◆ **PROBLEM DETAILS**
Beginning with the first line of the data below, reproduce every line unchanged, ending with the line that holds "2255 Peachtree Road".

=====

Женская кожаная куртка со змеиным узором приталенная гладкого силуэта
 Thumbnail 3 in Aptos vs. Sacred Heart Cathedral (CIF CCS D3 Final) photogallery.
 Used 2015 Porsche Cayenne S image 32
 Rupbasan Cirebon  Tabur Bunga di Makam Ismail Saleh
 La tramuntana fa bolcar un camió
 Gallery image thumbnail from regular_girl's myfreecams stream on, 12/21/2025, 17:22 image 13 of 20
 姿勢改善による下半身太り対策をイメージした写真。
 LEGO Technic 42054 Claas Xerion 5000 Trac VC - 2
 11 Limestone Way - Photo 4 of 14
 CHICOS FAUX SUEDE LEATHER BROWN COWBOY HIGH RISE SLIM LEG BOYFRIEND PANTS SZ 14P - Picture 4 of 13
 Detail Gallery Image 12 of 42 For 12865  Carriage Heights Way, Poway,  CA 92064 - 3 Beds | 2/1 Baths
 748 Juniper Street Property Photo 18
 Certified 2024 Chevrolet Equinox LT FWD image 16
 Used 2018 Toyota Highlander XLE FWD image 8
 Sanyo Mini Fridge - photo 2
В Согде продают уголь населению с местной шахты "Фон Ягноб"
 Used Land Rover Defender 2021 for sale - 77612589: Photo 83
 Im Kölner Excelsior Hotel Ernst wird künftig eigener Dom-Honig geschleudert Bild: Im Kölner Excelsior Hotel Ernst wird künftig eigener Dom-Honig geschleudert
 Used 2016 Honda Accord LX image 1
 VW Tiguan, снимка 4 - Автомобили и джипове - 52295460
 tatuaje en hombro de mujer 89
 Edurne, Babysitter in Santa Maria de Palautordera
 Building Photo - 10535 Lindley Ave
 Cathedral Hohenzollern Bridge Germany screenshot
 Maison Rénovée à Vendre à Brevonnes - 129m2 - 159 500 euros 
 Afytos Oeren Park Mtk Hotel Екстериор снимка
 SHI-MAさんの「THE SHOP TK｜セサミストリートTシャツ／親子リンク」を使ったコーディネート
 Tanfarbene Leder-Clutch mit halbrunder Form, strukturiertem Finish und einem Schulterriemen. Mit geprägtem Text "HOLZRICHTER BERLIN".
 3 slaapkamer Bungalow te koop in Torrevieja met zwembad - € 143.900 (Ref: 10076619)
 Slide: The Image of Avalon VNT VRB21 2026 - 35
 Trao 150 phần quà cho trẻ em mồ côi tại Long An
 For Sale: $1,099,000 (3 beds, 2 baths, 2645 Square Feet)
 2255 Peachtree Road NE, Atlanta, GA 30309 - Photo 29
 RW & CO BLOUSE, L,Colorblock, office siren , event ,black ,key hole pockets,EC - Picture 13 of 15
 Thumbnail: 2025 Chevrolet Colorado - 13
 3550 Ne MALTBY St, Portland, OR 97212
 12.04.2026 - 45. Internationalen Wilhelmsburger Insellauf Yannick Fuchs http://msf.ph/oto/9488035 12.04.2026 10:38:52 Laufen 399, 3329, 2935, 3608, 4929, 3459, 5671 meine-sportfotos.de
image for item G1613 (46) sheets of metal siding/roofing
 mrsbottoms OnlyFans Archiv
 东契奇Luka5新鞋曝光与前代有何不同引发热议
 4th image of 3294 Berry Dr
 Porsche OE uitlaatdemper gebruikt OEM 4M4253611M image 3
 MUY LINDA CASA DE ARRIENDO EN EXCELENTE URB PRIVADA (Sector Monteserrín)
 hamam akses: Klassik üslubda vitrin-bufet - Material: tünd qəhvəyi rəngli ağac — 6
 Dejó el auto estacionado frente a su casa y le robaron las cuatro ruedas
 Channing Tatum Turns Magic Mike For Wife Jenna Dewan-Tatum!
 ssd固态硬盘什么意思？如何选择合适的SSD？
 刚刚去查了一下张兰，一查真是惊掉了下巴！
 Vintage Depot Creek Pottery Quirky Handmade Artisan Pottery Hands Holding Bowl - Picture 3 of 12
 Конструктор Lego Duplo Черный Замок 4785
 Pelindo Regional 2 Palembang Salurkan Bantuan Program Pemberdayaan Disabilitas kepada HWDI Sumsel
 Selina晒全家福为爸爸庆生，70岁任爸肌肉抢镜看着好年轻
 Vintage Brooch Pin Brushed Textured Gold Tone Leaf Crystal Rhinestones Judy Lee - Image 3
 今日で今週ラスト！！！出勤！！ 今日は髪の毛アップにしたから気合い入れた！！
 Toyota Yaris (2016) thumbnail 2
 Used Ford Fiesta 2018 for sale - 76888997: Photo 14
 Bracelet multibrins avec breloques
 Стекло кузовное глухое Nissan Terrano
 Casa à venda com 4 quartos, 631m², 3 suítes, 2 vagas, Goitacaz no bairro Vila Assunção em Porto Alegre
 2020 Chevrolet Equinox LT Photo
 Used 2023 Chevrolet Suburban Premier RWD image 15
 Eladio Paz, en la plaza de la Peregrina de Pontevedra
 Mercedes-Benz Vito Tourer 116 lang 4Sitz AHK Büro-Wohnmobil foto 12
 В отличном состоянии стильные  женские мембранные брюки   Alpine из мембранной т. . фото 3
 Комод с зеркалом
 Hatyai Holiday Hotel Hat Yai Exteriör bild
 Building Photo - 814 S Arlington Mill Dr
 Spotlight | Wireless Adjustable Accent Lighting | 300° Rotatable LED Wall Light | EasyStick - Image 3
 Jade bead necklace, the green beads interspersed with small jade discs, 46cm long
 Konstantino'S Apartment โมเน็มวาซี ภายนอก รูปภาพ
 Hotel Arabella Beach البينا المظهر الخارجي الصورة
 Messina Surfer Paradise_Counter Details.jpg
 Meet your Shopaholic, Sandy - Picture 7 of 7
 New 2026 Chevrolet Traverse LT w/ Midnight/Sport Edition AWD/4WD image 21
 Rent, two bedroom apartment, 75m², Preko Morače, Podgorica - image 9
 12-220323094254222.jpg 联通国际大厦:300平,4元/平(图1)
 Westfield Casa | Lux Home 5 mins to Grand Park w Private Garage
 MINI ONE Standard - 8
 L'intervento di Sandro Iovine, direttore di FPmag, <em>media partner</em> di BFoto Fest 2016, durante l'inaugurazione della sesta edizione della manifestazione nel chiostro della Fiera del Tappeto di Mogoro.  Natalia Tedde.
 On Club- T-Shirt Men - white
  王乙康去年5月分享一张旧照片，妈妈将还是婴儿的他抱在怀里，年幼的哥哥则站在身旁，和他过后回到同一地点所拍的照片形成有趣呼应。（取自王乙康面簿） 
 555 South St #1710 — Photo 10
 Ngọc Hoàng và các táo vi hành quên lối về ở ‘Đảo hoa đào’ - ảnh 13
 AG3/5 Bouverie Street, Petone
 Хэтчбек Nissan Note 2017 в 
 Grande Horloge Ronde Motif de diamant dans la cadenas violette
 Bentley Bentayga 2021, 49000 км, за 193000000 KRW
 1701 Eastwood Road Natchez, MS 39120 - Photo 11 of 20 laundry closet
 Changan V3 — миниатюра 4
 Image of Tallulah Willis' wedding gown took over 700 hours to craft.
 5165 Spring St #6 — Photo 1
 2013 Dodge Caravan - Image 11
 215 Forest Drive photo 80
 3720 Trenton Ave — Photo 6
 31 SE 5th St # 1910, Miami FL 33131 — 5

=====

◆ **SOLUTION TO THE EXERCISE**
Женская кожаная куртка со змеиным узором приталенная гладкого силуэта
 Thumbnail 3 in Aptos vs. Sacred Heart Cathedral (CIF CCS D3 Final) photogallery.
 Used 2015 Porsche Cayenne S image 32
 Rupbasan Cirebon  Tabur Bunga di Makam Ismail Saleh
 La tramuntana fa bolcar un camió
 Gallery image thumbnail from regular_girl's myfreecams stream on, 12/21/2025, 17:22 image 13 of 20
 姿勢改善による下半身太り対策をイメージした写真。
 LEGO Technic 42054 Claas Xerion 5000 Trac VC - 2
 11 Limestone Way - Photo 4 of 14
 CHICOS FAUX SUEDE LEATHER BROWN COWBOY HIGH RISE SLIM LEG BOYFRIEND PANTS SZ 14P - Picture 4 of 13
 Detail Gallery Image 12 of 42 For 12865  Carriage Heights Way, Poway,  CA 92064 - 3 Beds | 2/1 Baths
 748 Juniper Street Property Photo 18
 Certified 2024 Chevrolet Equinox LT FWD image 16
 Used 2018 Toyota Highlander XLE FWD image 8
 Sanyo Mini Fridge - photo 2
В Согде продают уголь населению с местной шахты "Фон Ягноб"
 Used Land Rover Defender 2021 for sale - 77612589: Photo 83
 Im Kölner Excelsior Hotel Ernst wird künftig eigener Dom-Honig geschleudert Bild: Im Kölner Excelsior Hotel Ernst wird künftig eigener Dom-Honig geschleudert
 Used 2016 Honda Accord LX image 1
 VW Tiguan, снимка 4 - Автомобили и джипове - 52295460
 tatuaje en hombro de mujer 89
 Edurne, Babysitter in Santa Maria de Palautordera
 Building Photo - 10535 Lindley Ave
 Cathedral Hohenzollern Bridge Germany screenshot
 Maison Rénovée à Vendre à Brevonnes - 129m2 - 159 500 euros 
 Afytos Oeren Park Mtk Hotel Екстериор снимка
 SHI-MAさんの「THE SHOP TK｜セサミストリートTシャツ／親子リンク」を使ったコーディネート
 Tanfarbene Leder-Clutch mit halbrunder Form, strukturiertem Finish und einem Schulterriemen. Mit geprägtem Text "HOLZRICHTER BERLIN".
 3 slaapkamer Bungalow te koop in Torrevieja met zwembad - € 143.900 (Ref: 10076619)
 Slide: The Image of Avalon VNT VRB21 2026 - 35
 Trao 150 phần quà cho trẻ em mồ côi tại Long An
 For Sale: $1,099,000 (3 beds, 2 baths, 2645 Square Feet)
 2255 Peachtree Road NE, Atlanta, GA 30309 - Photo 29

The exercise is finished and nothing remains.